Among highly performing models, we found that several explain face dissimilarity judgements similarly well. One of the models that explains a surprisingly large amount of variance is GIST. It has been previously shown, that Gabour-based models explain face representations well (14, 22). The models compared contain quite different feature spaces. For example, object-trained and face-trained VGG models learn distinctly different feature detectors (6), yet explain a similar amount of variance in human face dissimilarity judgements. Both object-trained and face-trained VGG models also explain a similar amount of variance in human inferior temporal cortex (42), and object-trained VGG explains variance in early MEG responses (43). The “face space” within a face-trained DNN organises faces differently than they are arranged in the BFM’s principal components, for example, clustering low-quality images at the “origin” of the space, eliciting lower activity from all learned features (30). It is perhaps remarkable that distances within the BFM are approximately as good at capturing perceived face dissimilarities as image-computable DNNs. Distances within the BFM contain no information about either the specific individuals concerned, or the image-level differences between the two rendered exemplars. DNNs, on the other hand, are image-computable and thus capture differences between the visible features in the specific rendered images seen by participants. The high success of the relatively impoverished BFM representation may highlight the importance of statistical face distributions to human face perception. After all, the BFM simply describes the statistical dissimilarity between two faces, expressed in units of standard deviations within the sample of 200 head-scanned individuals. The power of this statistical description is consistent with previous evidence for the adaptability of face representations, coming from face aftereffects (2, 34), the “own-race effect” (44, 45), and inversion and prototype effects (46)
We expected that a 16-layer VGG deep neural network trained to discriminate faces would likely be a better model than the same architecture trained on objects. However, this was not the case. There are a couple of possible explanations for this surprising result. The first is that although there is no “human” category in the ILSVRC dataset on which the VGG-object network was trained (7), there are images with faces in them (e.g. the classes “T-shirt” and “bowtie”), some classes have more than 90% images with faces (e.g. the classes “volleyball” and “military uniform”), and as many as 17% of all images in the dataset have at least one face (47). Therefore, the network may still have learned facial features, even without being explicitly trained on face discrimination. Indeed, DNNs trained with a spatial correlation loss in addition to a classification objective, developed “face patches” when trained on the same ILSVRC dataset (48). Even when all faces were completely removed from the training set, a face-deprived DNN was still able to categorize and discriminate faces (49). However, the face-deprived training affected the degree of DNN’s face selectivity and DNN’s ability to replicate the face-inversion effect(49). Another possibility is that human face dissimilarity judgements are based on general-purpose descriptions of high-level image structure, which are not specific to faces. Consistent with our behavioural results, VGG trained on faces was not beneficial in explaining neural recordings of faces (50). These results are consistent with our finding that a general object recognition model seems to be sufficient to develop features that are diagnostic of face dissimilarity. Emerging classes of models, such as inverse graphics model based on DNNs (10), could be tested as additional model candidates in the future.
One of the reasons for the equally high performance of disparate models is that, for our stimulus set, several models made highly correlated predictions, making it difficult to discriminate between them based on the current data. Model dissociation was also found to be difficult when studying the representations of face dissimilarity in human fusiform face area, where Gabor filters model performed similarly to face space sigmoidal ramp-tuning model (14). Stimulus optimisation methods could be used in the future to identify sets of stimuli for which current well-performing candidate models make maximally dissimilar predictions (26, 51, 52).
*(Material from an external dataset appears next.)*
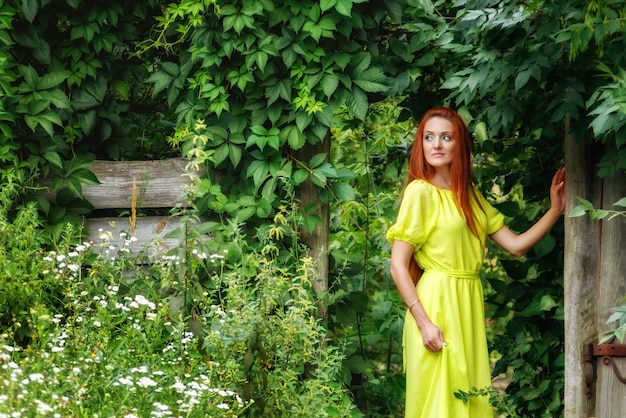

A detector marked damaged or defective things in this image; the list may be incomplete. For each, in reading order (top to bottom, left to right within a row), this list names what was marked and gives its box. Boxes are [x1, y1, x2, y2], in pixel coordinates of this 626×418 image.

rusty metal hinge [580, 342, 624, 396]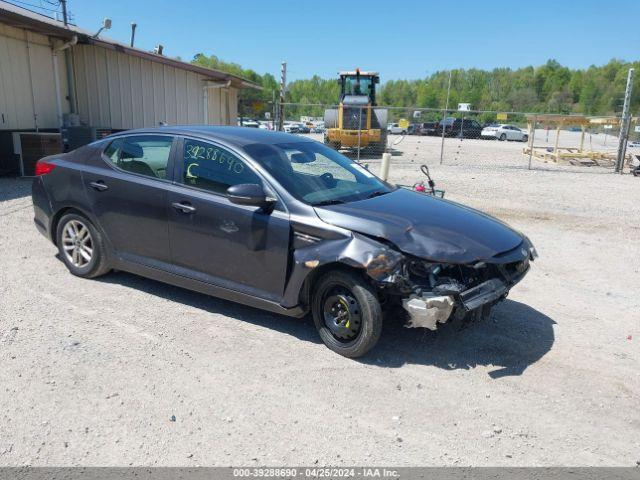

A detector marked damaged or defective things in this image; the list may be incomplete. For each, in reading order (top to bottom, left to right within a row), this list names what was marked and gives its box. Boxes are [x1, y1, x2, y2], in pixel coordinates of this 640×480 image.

crumpled hood [316, 187, 524, 262]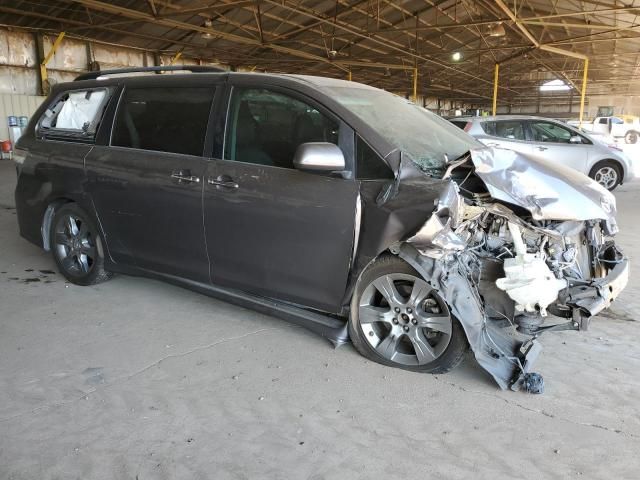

We conclude that deep neural networks provide the best available models of perceived facial similarity, and indeed a face-trained DNN fully explains human judgements within two independent datasets. Meanwhile, the more moderate success of a principal-components face space emphasises the importance of the natural distribution of faces in human face perception.
Methods
Stimuli
Each face generated by the BFM corresponds to a unique point in the model’s 398-dimensional space (199 shape dimensions, and 199 texture dimensions), centred on the average face. The relative locations of any pair of faces can therefore be summarised by three values: the length of the vector from the origin to the first face r1, the length of the vector from the origin to the second face r2, and the angle between the two face vectors θ (see Figure 1b). To create a set of face pairs spanning a wide range of relative geometries in face space, we systematically sampled all pairs of 8 possible vector length values (29 unique combinations) combined with 8 possible angular values. Possible angular values were eight uniform steps between 0 and 180 degrees, and possible vector lengths were eight uniform steps between 0 and 80 units in the BFM. This yielded 232 unique relative geometries. For each relative geometry, we then sampled two random points in the full 398-dimensional BFM space that satisfied the given geometric constraints. We generated two separate sets of face pairs with the same relative geometries but different face exemplars, by sampling two independent sets of points satisfying the same geometric constraints. The two sets (stimulus set A and stimulus set B) were used as stimuli in separate experimental sessions (see “Psychophysical face pair-arrangement task”).
Participants
Human behavioural testing took place over three sessions. Twenty-six participants (13 female) took part in sessions 1 and 2, and a subset of 15 (6 female) took part in session 3. All testing was approved by the MRC Cognition and Brain Sciences Ethics Committee and was conducted in accordance with the Declaration of Helsinki. Volunteers gave informed consent and were reimbursed for their time. All participants had normal or corrected-to-normal vision.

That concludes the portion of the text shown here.